Google Researcher Says She Was Fired Over Paper Highlighting Bias in A.I.
A well-respected Google researcher said she was fired by the company after criticizing its approach to minority hiring and the biases built into today’s artificial intelligence systems.
Timnit Gebru, who was a co-leader of Google’s Ethical A.I. team, said in a tweet on Wednesday evening that she was fired because of an email she had sent a day earlier to a group that included company employees.
In the email, reviewed by The New York Times, she expressed exasperation over Google’s response to efforts by her and other employees to increase minority hiring and draw attention to bias in artificial intelligence.
“Your life starts getting worse when you start advocating for underrepresented people. You start making the other leaders upset,” the email read. “There is no way more documents or more conversations will achieve anything.”
Her departure from Google highlights growing tension between Google’s outspoken work force and its buttoned-up senior management, while raising concerns over the company’s efforts to build fair and reliable technology. It may also have a chilling effect on both Black tech workers and researchers who have left academia in recent years for high-paying jobs in Silicon Valley.
“Her firing only indicates that scientists, activists and scholars who want to work in this field — and are Black women — are not welcome in Silicon Valley,” said Mutale Nkonde, a fellow with the Stanford Digital Civil Society Lab. “It is very disappointing.”
A Google spokesman declined to comment. In an email sent to Google employees, Jeff Dean, who oversees Google’s A.I. work, including that of Dr. Gebru and her team, called her departure “a difficult moment, especially given the important research topics she was involved in, and how deeply we care about responsible A.I. research as an org and as a company.”
After years of an anything-goes environment where employees engaged in freewheeling discussions in companywide meetings and online message boards, Google has started to crack down on workplace discourse. Many Google employees have bristled at the new restrictions and have argued that the company has broken from a tradition of transparency and free debate.

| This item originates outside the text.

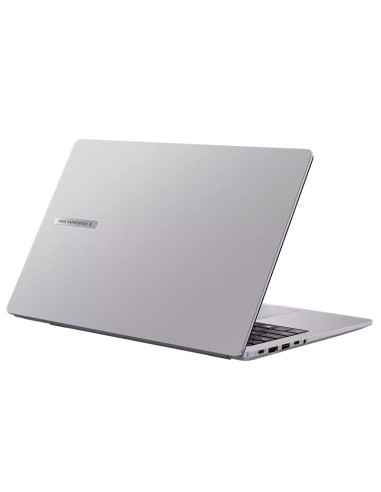 LAPTOP ASUS EXPERTBOOK P1 P1503CVA-S71655...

On Wednesday, the National Labor Relations Board said Google had most likely violated labor law when it fired two employees who were involved in labor organizing. The federal agency said Google illegally surveilled the employees before firing them.
Google’s battles with its workers, who have spoken out in recent years about the company’s handling of sexual harassment and its work with the Defense Department and federal border agencies, have diminished its reputation as a utopia for tech workers with generous salaries, perks and workplace freedom.
Like other technology companies, Google has also faced criticism for not doing enough to resolve the lack of women and racial minorities among its ranks.
The problems of racial inequality, especially the mistreatment of Black employees at technology companies, has plagued Silicon Valley for years. Coinbase, the most valuable cryptocurrency start-up, has experienced an exodus of Black employees in the last two years over what the workers said was racist and discriminatory treatment.
Researchers worry that the people who are building artificial intelligence systems may be building their own biases into the technology. Over the past several years, several public experiments have shown that the systems often interact differently with people of color — perhaps because they are underrepresented among the developers who create those systems.